Purtroppo le resistenze a questo nuovo orientamento sono molto forti, e fra chi si oppone a esso c’è chi minaccia apertamente uno scisma. Ma di uno scisma sommerso parlava Pietro Prini (e altri con lui) ben prima della venuta di papa Francesco, e in un senso contrario a quello minacciato oggi, come se allora da una parte vi fosse il papa e l’alto clero, e dall’altra la grande maggioranza del popolo cristiano cattolico. Oggi la situazione appare capovolta, ma un dibattito aperto come quello voluto dal papa può proprio evitare un tale scisma cercando di portare attraverso il dialogo e il confronto aperto a una soluzione condivisa.
Le speranze riposte nel Giubileo
Il risultato della seconda sessione del Sinodo non appare a questo punto scontato, considerato l’atteggiamento duro di grande parte dell’ala più conservatrice, espressa per esempio dall’episcopato degli Stati Uniti.
Per fortuna l’annuncio del Giubileo della misericordia e la chiarezza e apertura della bolla d’indizione “Misericordiae vultus” lasciano davvero sperare bene.
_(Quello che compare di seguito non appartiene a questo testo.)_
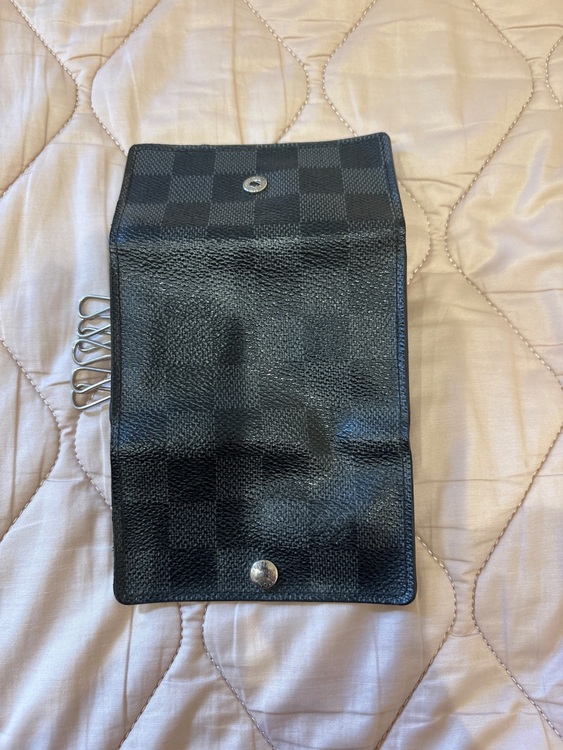 キーケース（ブランド財布・小物）の商品画像 - 査定依頼日：2025年9月29日 - 最高査定価格：3,000円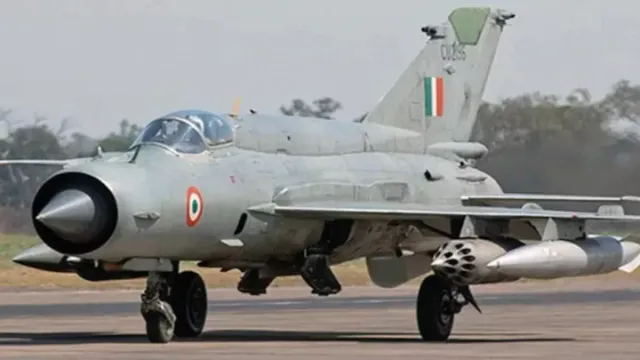 mig21-fighter-jet-to-retire-after-62-years-in-service-iaf-plans-farewell-ceremony-in-september
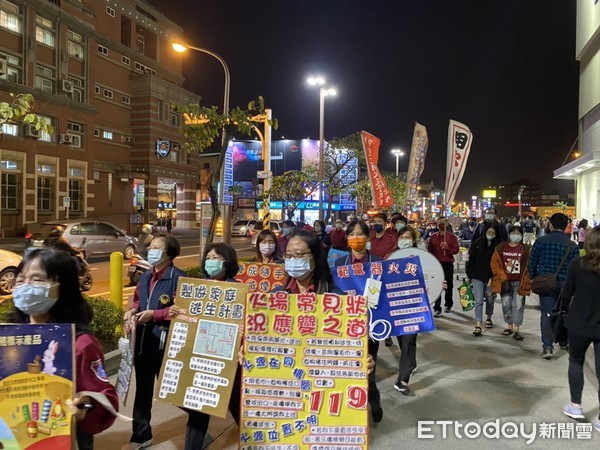 ▲台南消防局第六大隊、和緯義消中隊及義消婦女中隊的警義消們，扮演「更夫」舉行敲鑼報平安遊行，提醒民眾年節期間開心過年也要注意用火用電安全。（圖／記者林悅翻攝，下同）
Se le indicazioni già date verranno tradotte in atto, questo Giubileo sarà occasione non per una assoluzione generale, ma per un coinvolgimento dei vescovi e delle chiese locali in un processo di riconciliazione caso per caso di coloro che sono entrati in un secondo matrimonio e che desiderano partecipare alla vita della chiesa e all’eucaristia, così come forse per la riammissione al ministero di tanti preti sposati che hanno avuto la dispensa per celebrare il matrimonio in chiesa ma ai quali è stata comminata la pena di non potere più esercitare pubblicamente quel ministero al quale pure si erano sentiti chiamati da Dio.
Un Giubileo della misericordia che vuole aprire le porte della comunità cristiana a tutti. La Misericordia è quella di Dio, che tuttavia ha scelto di esercitarla anche per mezzo della chiesa. Nella convinzione che anche se tutti nella chiesa e nell’umanità siamo peccatori (1 Gv 1, 8-10) e “anche se il nostro cuore ci condanna”, “Dio è più grande del nostro cuore” (1 Gv 3, 20) e nel suo amore e nella sua misericordia vuole abbracciare e accogliere tutti i suoi figli nella grande famiglia che ha progettato per loro.
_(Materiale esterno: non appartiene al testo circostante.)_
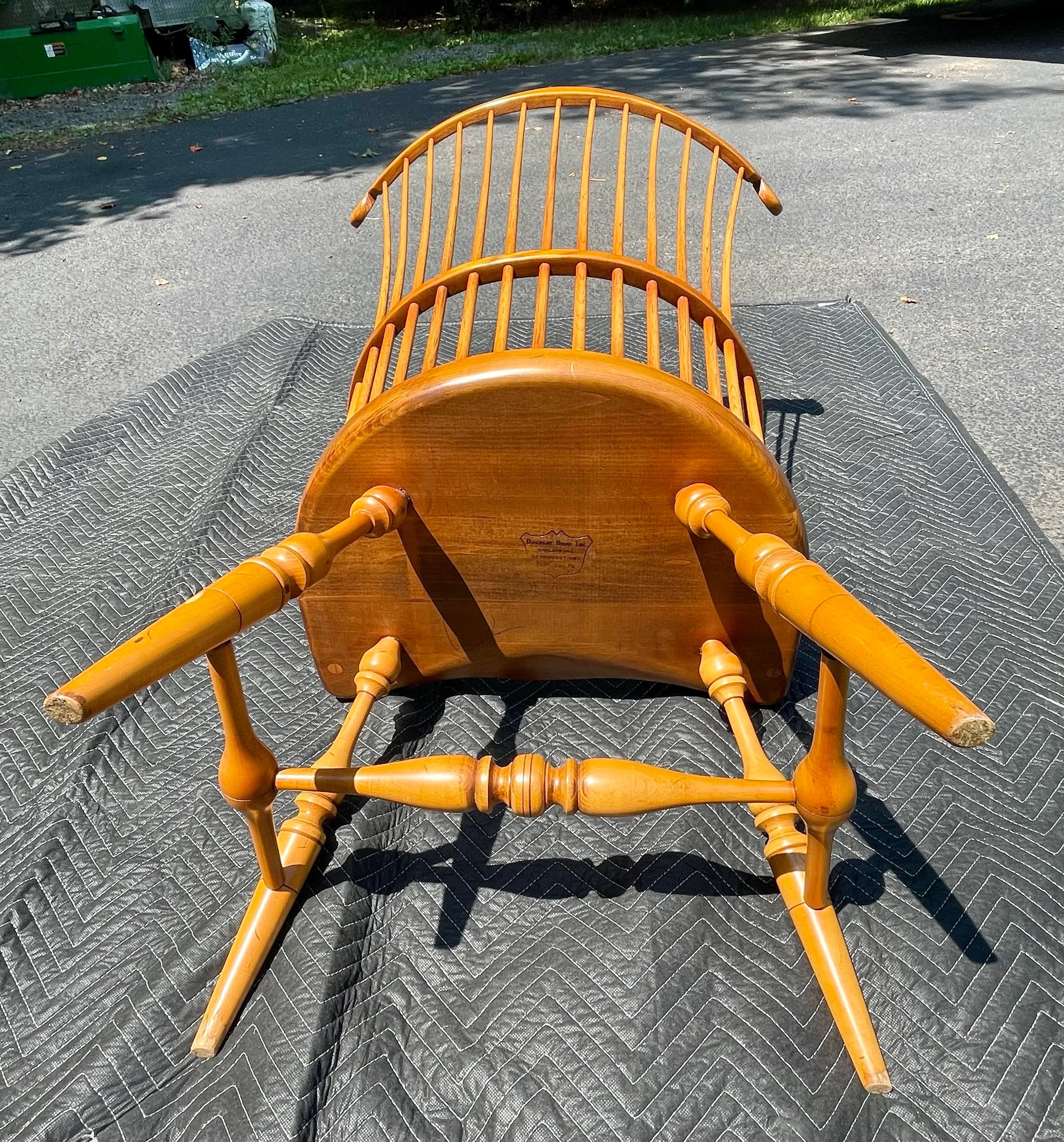 Fredrick Duckloe and Brothers Fan Back Windsor Chairs- a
[1] Per la dimostrazione sulla base dei documenti storici di una tale affermazione mi permetto di rinviare alle mie ricerche presentate in Divorzio nuove nozze e penitenza nella chiesa primitiva, terza edizione Aracne Roma 2013, o a Divorziati risposati. Un nuovo inizio è possibile?, seconda edizione, Cittadella editrice Assisi 2014, nella quale esse sono sintetizzate e si ricordano i consensi che la comunità scientifica internazionale ha dato a tale soluzione.